- Exercise objective -
Please reproduce the entries exactly, skipping each picture.

- Web page caption snippets -

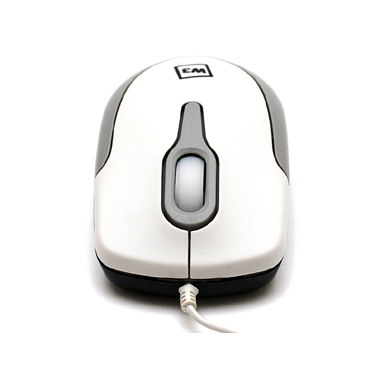 W3 IGM-3060 화이트_이미지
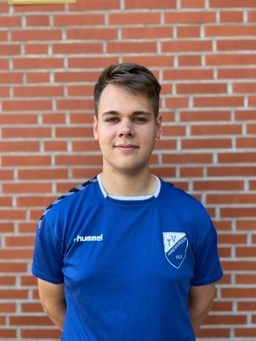 Avatar Bild für Joris Waskow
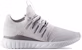 adidas Tubular Radial Ungu/Putih-Bumi 'Stucco' BB2400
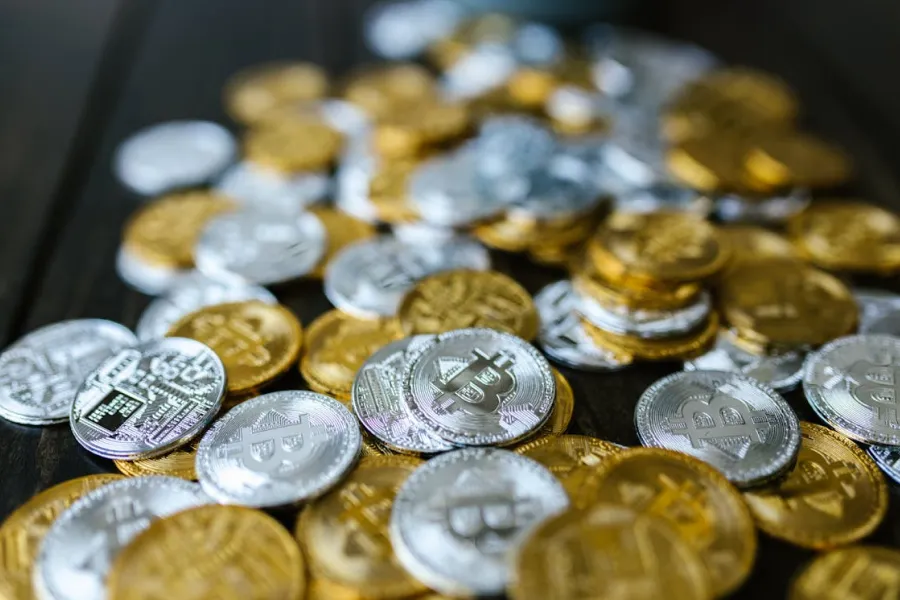Guide to Staking and Crypto Rewards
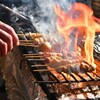かしわ本舗 とりいし - メイン写真:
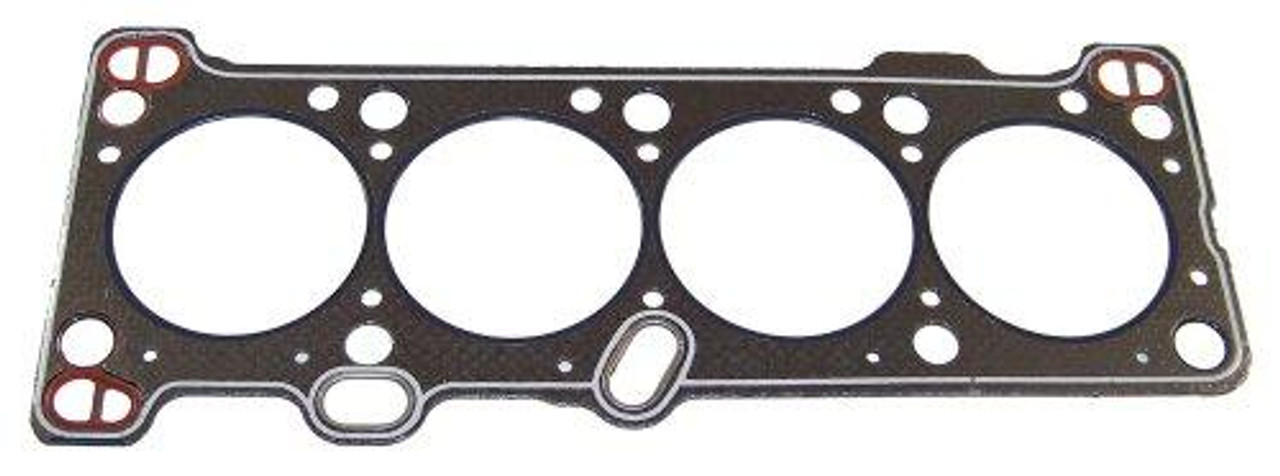 Head Gasket - 1991 Mazda Miata 1.6L Engine Parts # HG454ZE4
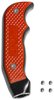 Magnum Grip Shift Handle 2008-2017 Polaris RZR - image 4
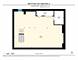 829 E Porter, Naperville, IL 60540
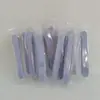 Esponja de Limpeza Facial Embalada Individualmente, Algodão de Limpeza Comprimido, Esponja para Lavar o Rosto, Almofada de Algodão Removedora de Maquiagem, Peça Única Descartável
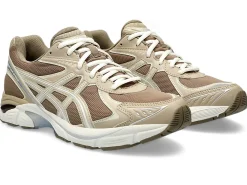 GT-2160|Sportstyle>ASICS GT-2160 Pepper/Putty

- Written solution -
 W3 IGM-3060 화이트_이미지
 Avatar Bild für Joris Waskow
 adidas Tubular Radial Ungu/Putih-Bumi 'Stucco' BB2400
Guide to Staking and Crypto Rewards
かしわ本舗 とりいし - メイン写真:
 Head Gasket - 1991 Mazda Miata 1.6L Engine Parts # HG454ZE4
 Magnum Grip Shift Handle 2008-2017 Polaris RZR - image 4
 829 E Porter, Naperville, IL 60540
 Esponja de Limpeza Facial Embalada Individualmente, Algodão de Limpeza Comprimido, Esponja para Lavar o Rosto, Almofada de Algodão Removedora de Maquiagem, Peça Única Descartável
 GT-2160|Sportstyle>ASICS GT-2160 Pepper/Putty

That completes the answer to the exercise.